In an attempt to answer these questions I have had a look at the ball by ball data for all of the ODI centuries scored between the beginning of 2016 and the England v Bangladesh match the other day (so the data doesn't include Kane Williamson and Hashim Amla's centuries in the last two days).

This adds up to 108 centuries. I divided them each up into windows of 10 runs (0-9; 10-19 etc) and asked how many balls each batsman spent with their score in each window. If batsmen are tending to slow down as they approach 100, we should see that they spend more balls in the nineties than in the 70s or 80s.

The graph below show the average result for each run window, averaged over the 108 centuries in the sample. The red line is the mean, the blue line is the median.

One feature of the graph which I like- which is basically irrelevant to today's question but I'll mention it all the same- is that does give a nice visualisation of the batsmen playing themselves in. The first 10 runs really are noticeably slow compared to the rest of the innings, taking an average of around 14 balls. Thereafter, the average ODI centurion stays close to the run a ball mark, with gentle acceleration over the course of the innings. The average number of balls taken to get through a 10 run window goes from 10.09 in the twenties down to 8.27 in the 80s.

The brakes do seem to go on just a little bit in the 90s however, with the average balls taken for those 10 runs ticking back up to 9.23. (The median goes up to 9 from 8).

So, the data is a consistent with a weak slowing down as batsmen get near the milestone. But its a very tiny effect. Indeed the size of the effect is comparable to the degree of statistical noise in the data, so I'm not even 100% sure its real. But, if we take it at face value, batsmen are on average spending about 1 ball longer in the 90s than they are in the 80s, possibly influenced by the impending glory of an ODI hundred.

To look at the data a different way: 56% of the centurions were slower through 90s than they were through the 80s.

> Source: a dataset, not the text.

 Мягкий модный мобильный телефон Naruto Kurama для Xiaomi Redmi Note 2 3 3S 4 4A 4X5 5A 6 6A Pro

By way of comparison only 38% were slower through the 80s than the 70s. Again this is consistent with the expected steady acceleration through the innings, which is very slightly waylaid by a nervous nineties slowdown. The distributions for the number of balls taken to get through the 80s and the 90s are plotted below as histograms. Comparing them you can see a slight rightward shift of the distribution as you go from 80s to 90s.

An extra one ball to score 10 runs is very small potatoes, so you probably don't need to be too worried that this is going to cost your team a match. Of course, for some individuals the effect may be stronger. And still, its interesting to reflect that even the top pros may be affected by the arbitrary milestones made for them, even if just by a tiny bit.

Sunday, 5 February 2017

Double the score at 30 overs

At some point during the display of pure swashbuckling, boundary smashing, batsmanship that was the recent India vs England ODI series something caught my eye. Well, several things did, but only one directly inspired this blog post. It was a someone on twitter estimating what the batting team's final total would be, using the rule-of-thumb that it will be roughly double the score at 30 overs.

In my head, my reaction went something like this "Really? People are still using the 'double the score at 30 overs rule'? Surely that's way out of date now, if ever it was true."

I then continued thinking: "I bet modern batsmen, with their skills honed to play aggressively, playing on flat pitches with short boundaries probably consistently beat that mark these days".

Well, the data shows my snide internal monologue was wrong, as you'll see below. To be honest, a moment's further thinking would have revealed my prediction to be hopelessly naive (not to mention cliche-ridden)- if team's are now scoring faster in the later overs, they're also scoring faster in the early overs. So, how it ends up working out for the "double the score at 30 overs" rule isn't immediately obvious.

In fact, in recent ODIs, if you estimate a team's total by doubling their 30 over score, you will be quite consistently too generous.

The graph below plots the ratio of the final total to the score at 30 overs achieved by teams batting first in (non-weather affected) ODIs since the beginning of 2016, against the number of wickets fallen at 30 overs. Points above the green dashed line represent innings which beat the benchmark of twice the 30 over score, points below the green dashed line fell short of it. The red line is the median ratio as a function of the number of wickets down at 30 overs, just to give a sense of how much it depends on how many batsmen are back in the pavilion.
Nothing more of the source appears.